Being an avid motorist myself, I have had to say goodbye to many of my own motorcycles. However, through the process I have made a significant amount of money and have learnt more about pitching a good sale.

With a little bit of time and effort, you too can learn the skills for it. In this article, I’m going to share some tips and what I’ve learnt through my experiences on how to sell a motorcycle.

Prepping The Bike

Before you plan to sell your bike, you need to make sure it is clean and shiny. While this may seem like a tiny detail, remember that presentation is key! 

A clean bike is likely to signal to a potential buyer that the bike is in good condition. So clean the chains, the engine, the body and even the seats. Remove scuff and boot marks.

Polish the body and chrome pieces using a good cleaner, as this can help make your bike look as good as new.

Inspect your bike for any visible damage such as dents or scratches. Fix leaks or any other issues the bike may have. Make sure to remove any corrosion from battery terminals.

Touch up on the paint, if you have to. Any visible damages will drastically reduce the price of your bike, so make sure to replace and fix them during the prepping process.

Know Your Price

You need to examine and research what similar bikes sell for. You can refer to the National Automobile Dealers Association (NADA) website or Kelly Blue Book (KBB) website to get a better idea.

You can also check ads of similar bikes from classified sites to help you determine an average price. 

Your pricing needs to be just right. If you list your price too high, you won’t be getting any offers. Price it too low and you’ll be leaving money on the table. 

1. Determine a Firm Selling Price 

For this you’ll need to look at the average selling price of a bike like yours. You need to evaluate the condition of your bike to come up with a price.

If your bike is well maintained and in good condition you will be able to justify a high price. If not, you may have to settle for less.

Whatever the condition of your bike, you need to come up with a firm selling price, which is the lowest amount you’re willing to sell the bike for.

Remember, after-market modifications and parts don’t add to the value of the bike. You will be better off removing the parts and selling them separately.

2. Listing The Motorcycle

You need to list the bike a few hundred dollars more than your firm selling price. This will give you room to negotiate with potential buyers.

Most buyers will try to bargain for a better deal, which is why it is best to list the bike for a little more than what you’re willing to accept.

Advertising The Motorcycle 

When considering how to sell a motorcycle,  the most important thing would be to create a good advertisement.

For this, make sure to compile relevant information about the model, make and mileage of the motorcycle.

The advertisement should have proper formatting, correct spellings and clear sentences which make for easy reading.
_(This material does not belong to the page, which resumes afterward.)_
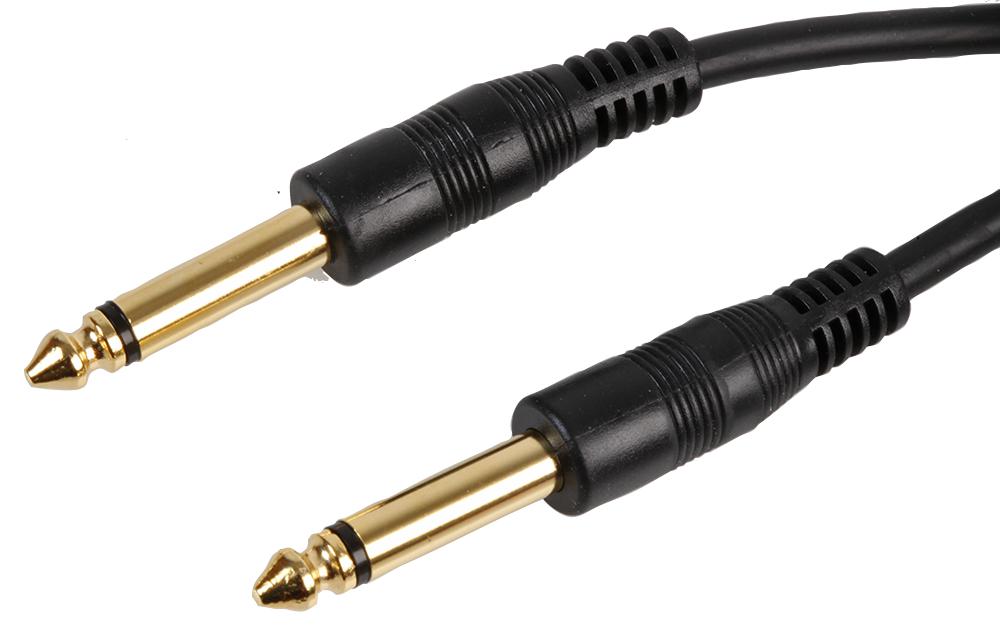 Pro Signal Psg00083 1/4 Jack Plug-Plug - Gold/mono/2M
Don’t forget to list the price and payment methods you’re willing to accept.

Make sure you describe the bike in detail. Mention any parts or after-market modifications that are there on the bike. Also, it’s best to be honest and mention any issues, if present. 

1. Take Photos

Take several photos of the bike from different angles, including close-ups of the gauges and clusters. It is important to take the photos in good lighting, in order to provide buyers with valuable information on the condition of the bike.

If there is any damage or flaw, you need to include pictures of it,  to give the buyer a realistic overview of the bike’s condition.

2. List The Bike Online 

You need to advertise your bike online. You can choose sites such as Craigslist or eBay. There are also other motorcycle specific sites such as, cycle dope or chopperswapper, where you can list your bike. You can also advertise your bike on social media to reach a bigger audience. 

Dealing With Buyers

Now that you’ve advertised and listed your bike, you will be getting calls, emails, etc. from potential buyers. Most buyers who ask questions that are already available in the advertisement aren’t serious buyers.

Buyers that have more specific questions and have basic knowledge about motorcycles are usually the ones seriously interested.

Also, beware of scammers, such as the people who  ask you to ship or deliver the motorcycle without making any payment for it.

1. Meeting Buyers

After a discussion with a buyer over  phone or email, you will need to meet with them, to close the deal. You will have to make time to meet the buyer on a day that suits them.

 For the meeting spot, choose a public place, which is close to your house,  like a supermarket or a local convenience store. It is usually safer to meet a buyer in a public place rather than at your home. Any ill-intentioned buyer would not prefer to meet in a public place, thus allowing you to filter them out.

2. Allow Test-Rides

Some buyers may even ask for a test ride after inspection. You may allow the buyer to have a test ride, but you need to make sure they have a license first. 

It is also advised to ask the buyer for collateral before you allow them a test ride. As a collateral you can keep a copy of their license and the full amount you’re asking for the bike.

3. Sealing The deal 

After the negotiations, when the buyer makes you an offer that you’re happy with, it is time to seal the deal. Make sure all the paperwork is done before you hand over the keys.

You will need to write up a bill of sale, which  should  include the new owner’s name and contact information. 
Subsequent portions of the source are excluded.